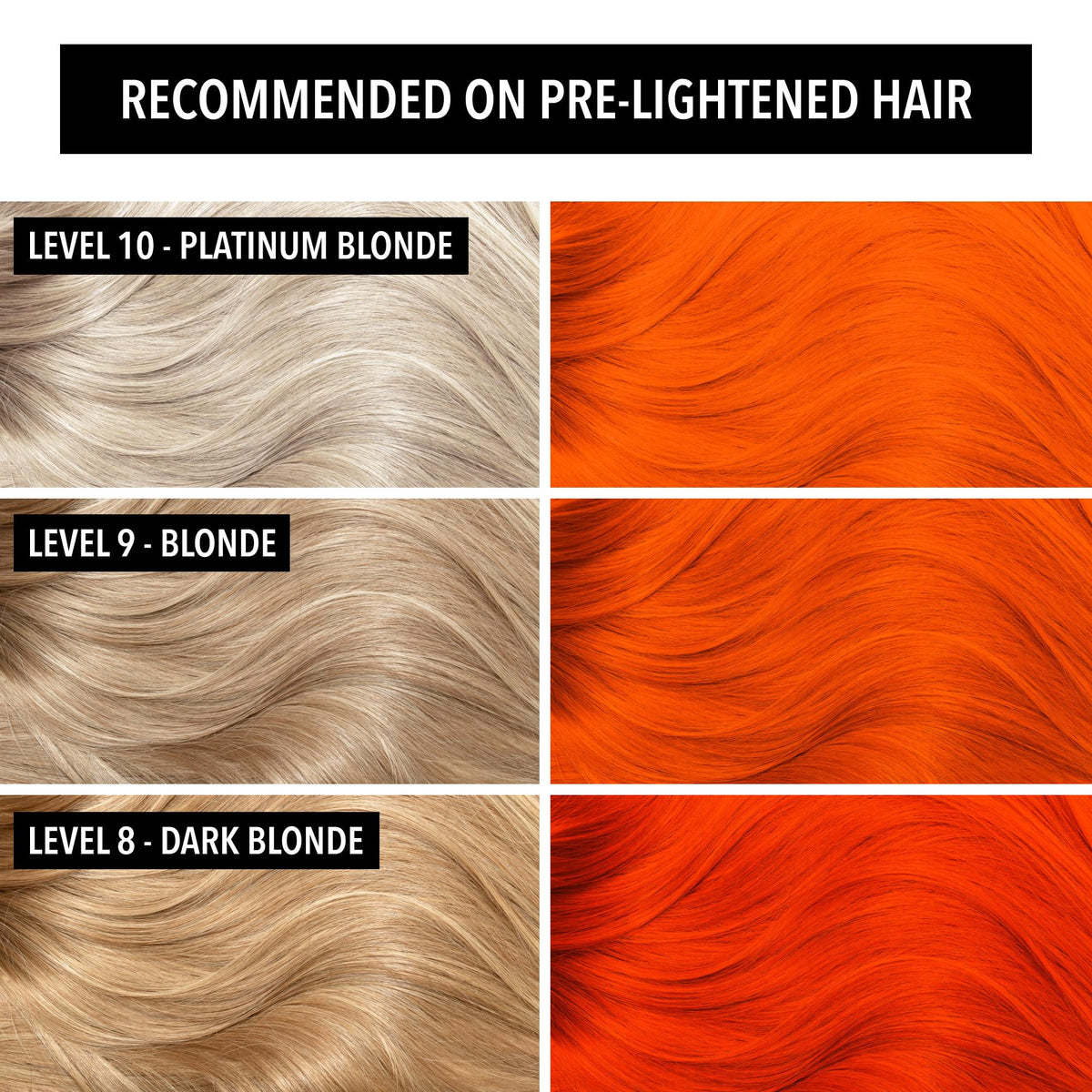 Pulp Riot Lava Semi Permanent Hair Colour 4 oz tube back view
---------------
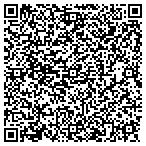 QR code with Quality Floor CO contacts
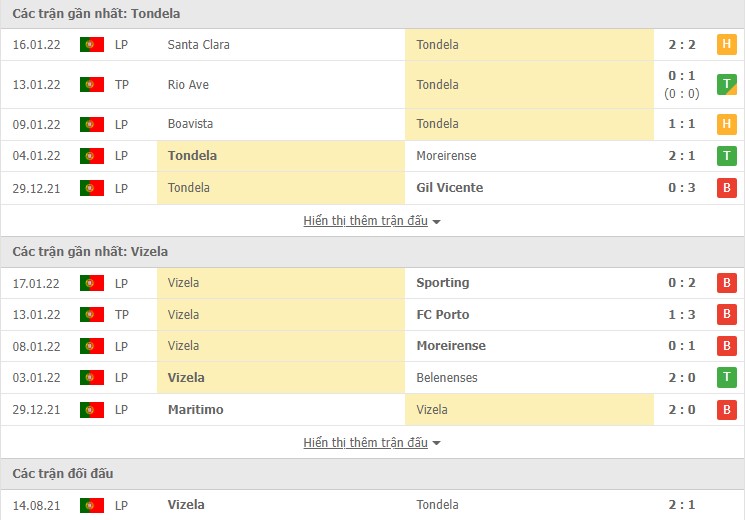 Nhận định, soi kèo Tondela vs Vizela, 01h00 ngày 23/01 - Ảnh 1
---------------
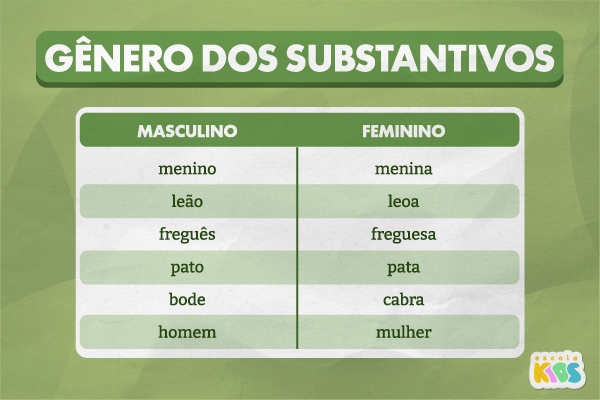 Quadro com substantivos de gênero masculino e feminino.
---------------
▶ Goal of the exercise
For this exercise, reproduce exactly the lines of the records above from the one with "QR code with Quality Floor CO contacts" up to and including the one with "Nhận định, soi", without pictures.

▶ Response area
 QR code with Quality Floor CO contacts
 Nhận định, soi kèo Tondela vs Vizela, 01h00 ngày 23/01 - Ảnh 1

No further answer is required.